The formation of thunderstorms goes something like this: During the summer the atmosphere is warm from the sun and moist from evaporation that occurs from lakes and soils, plus trees and plants pump millions of gallons of water into the air as part of the photosynthesis thing. It’s not unusual for one large tree to release 95 gallons of water vapor into the atmosphere in one day.
This warm, moist air rises, and as it does so it cools and condenses, forming clouds, at first only the puffy white cumulus kind. But if there’s plenty of heat, or a cold front comes through and pushes the warm, moist air even higher, it can form cumulonimbus clouds. These are thunderstorm makers, and can be identified by a flat, dark bottom, a very tall midsection, and a bright top that often takes on an anvil shape. These clouds can be 7 miles tall and carry around a lot of water. When the moisture condenses enough to form rain, it usually occurs in large quantities.
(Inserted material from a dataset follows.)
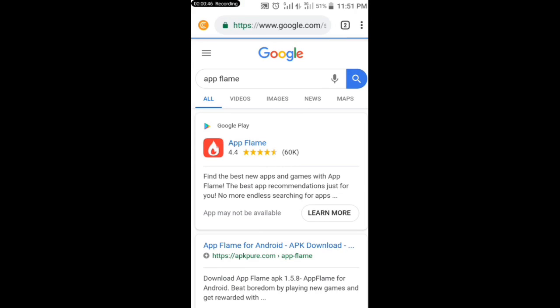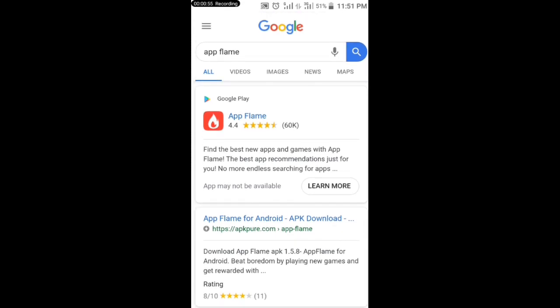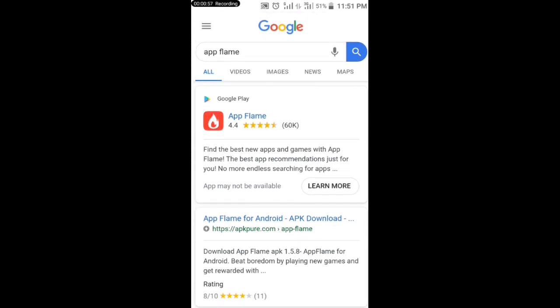In today's video I will show you how you can make free PayPal money just by playing games. Can you see the apps? And the app I'm about to show you now is called App Flame. Presently guys, this app is not available in my country.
The adrenaline buzz is of course the lightning and thunder. Lightning is basically a giant version of static cling that occurs on clothes fresh out of the dryer. In the cumulonimbus cloud, ice crystals and water droplets are in constant motion, bumping into each other violently. This friction builds up static electricity that often separates into two charges: a positive one that goes to the top of the cloud, and a negative charge that goes to the bottom.
Eventually the cloud has to release this built up electrical energy and the discharge is what we call lightning. It can move within one cloud, between separate clouds, or from the cloud to the ground.
Thunder is caused by the lightning bolt superheating the air around it and forcing the air particles to move so fast that it creates a sort of sonic boom. Because light moves so much faster than sound, it is possible to calculate how far away a lightning strike is. Every five-second interval between the flash of lightning and the sound of thunder represents a one-mile distance from the observer.